By 发表: 11月. 7, 2022

mental health illustration学生, staff and faculty sit on meditation cushions learning a compassion practice. 他们吸入, breathing in the suffering of others, 然后呼气, giving compassion and healing to themselves and others.

This exercise is part of the Mindful Campus Program, an eight-week mindfulness series that the Renée Crown Wellness Institute began developing in 2019 and launched in spring 2021 to improve the well-being of students. 设计, 在某种程度上, 由学生, the series strives to help participants live more fully in the moment, improve participants’ mental health and wellness and boost their ability to confront big societal issues.

学生, faculty and mindfulness experts designed the program. Using data from the 2021 series, which was also the focus of a research study — which drew about 150 student participants — the team aims to analyze and hone the eight-week program. 

考特妮。凯利 20(心理), senior project manager and professional research assistant for the Crown Institute, helped design the Mindful Campus series using Youth Participatory Action 研究, a method in which young people are trained to conduct systematic research to improve their lives, their communities and the institutions intended to serve them.

As she noted, “It’s not just research about students and what students are going through. 学生参与其中.”

This method of research “allows the voices of young people to be central and guiding within the research process,索娜·迪米吉安说, director of the Crown Institute and a professor of psychology and neuroscience.

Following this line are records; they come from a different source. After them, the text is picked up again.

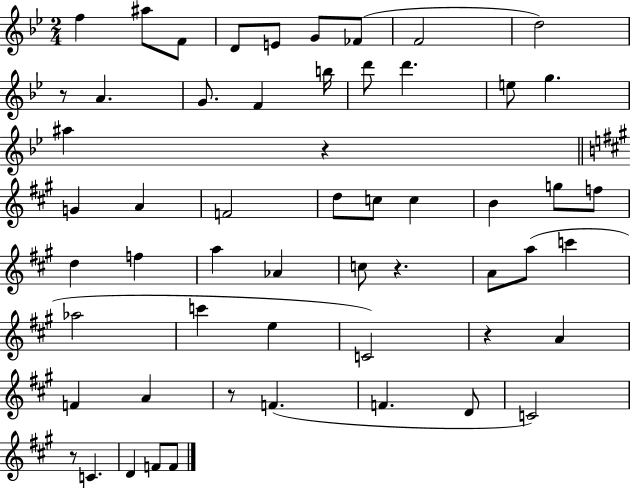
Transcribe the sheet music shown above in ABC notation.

X:1
T:Untitled
M:2/4
L:1/4
K:Bb
f ^a/2 F/2 D/2 E/2 G/2 _F/2 F2 d2 z/2 A G/2 F b/4 d'/2 d' e/2 g ^a z G A F2 d/2 c/2 c B g/2 f/2 d f a _A c/2 z A/2 a/2 c' _a2 c' e C2 z A F A z/2 F F D/2 C2 z/2 C D F/2 F/2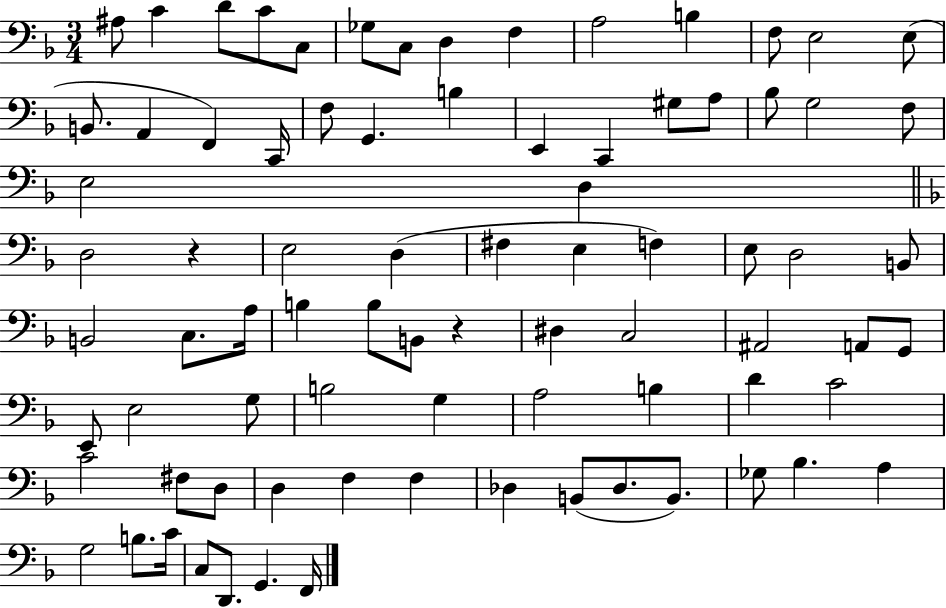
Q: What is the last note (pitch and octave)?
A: F2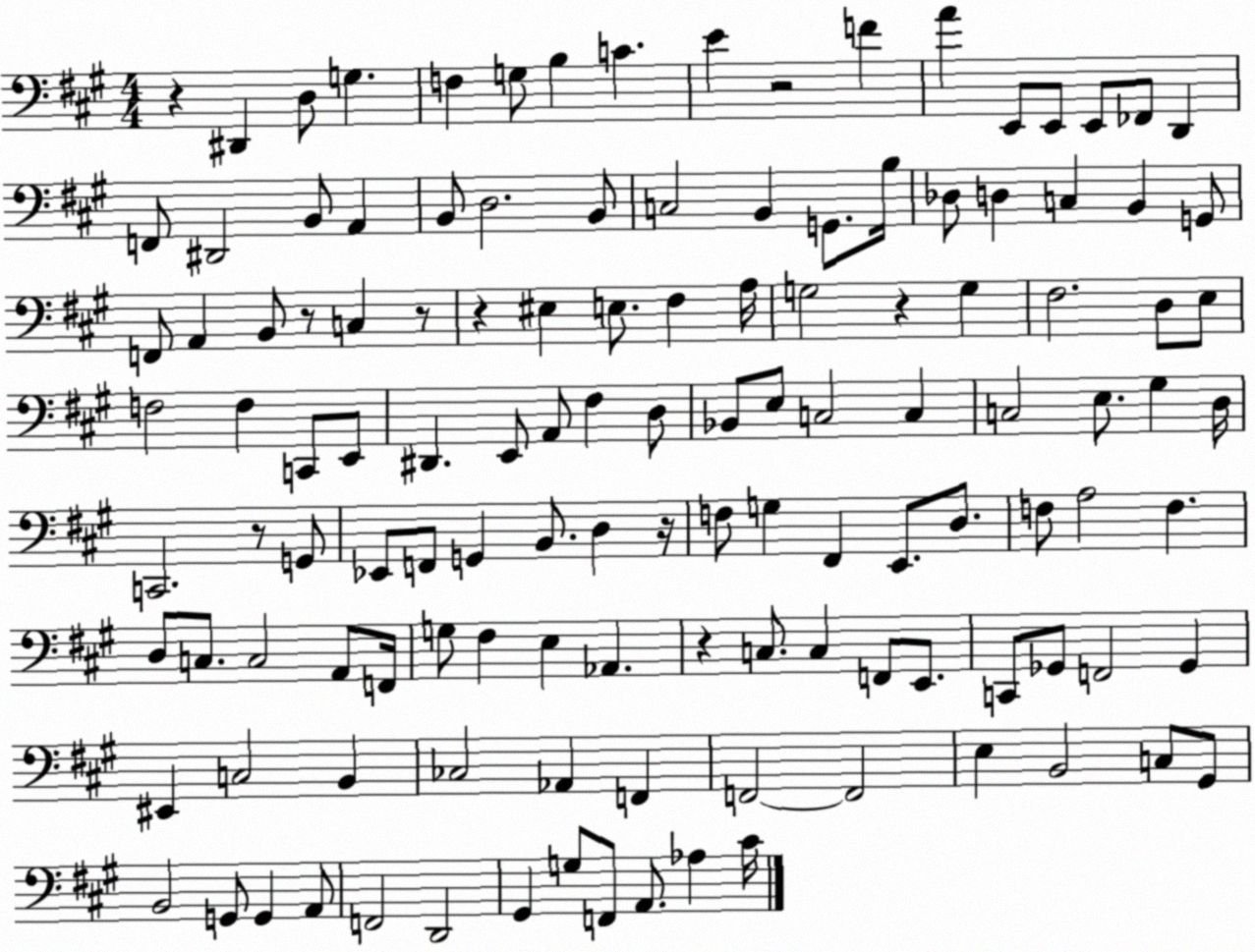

“The whole tenet is that, 作为一名研究者, I don’t know what the community needs, and I need to learn 在某种程度上nership with students and campus partners from the ground up,” 凯特琳McKimmy (MPsych’20), a graduate research assistant in Dimidjian’s laboratory.

娜塔莉·阿瓦洛斯, assistant professor of ethnic studies, noted the series includes instruction, idea-sharing and practice. 

One goal is to help participants see how they might use mindfulness and compassion practices to support anti-racism and social justice, “explicitly linking them and then going on from there,阿瓦洛斯说.

Avalos added that students assume teaching and co-mentorship roles in the Mindful Campus Program: “Hierarchies of power shifted, and I think students really responded to that and really appreciated that.”

McKimmy concurred: “At the heart of this project — and this is really an important part of the Crown Institute — is having undergrads at the table where their voices are central.”

Another team is working to adapt the Mindful Campus series into a for-credit class at CU Boulder and to make that curriculum available to students from any CU campus and other campuses, as well as community members. 

科迪Moxam (心理的23), an honors student in psychology and neuroscience, completed the series and is now part of an interdisciplinary team of students and faculty co-designing the for-credit course. He said students and faculty “set aside our personal agendas to truly work on a course designed for the well-being of its participants.”

“We were able to integrate our experience as students — and as people — with the research literature to thread together an experience that would change students’ lives for the better,Moxam说. “社区价值”, social justice and mindfulness were imbued in our team interactions from the very start.”

米歇尔·D. 辛普森, a Crown Institute faculty affiliate, research associate and associate teaching professor, underscored that point, saying that her motivation in joining the Mindful Campus Program was not to simply boost mindfulness on campus, but also to expand it into different communities on and potentially off campus.

Voicing a guiding vision for the Mindful Campus Program, 辛普森说, “Mindfulness belongs to everyone. Wellness is a right of everyone.”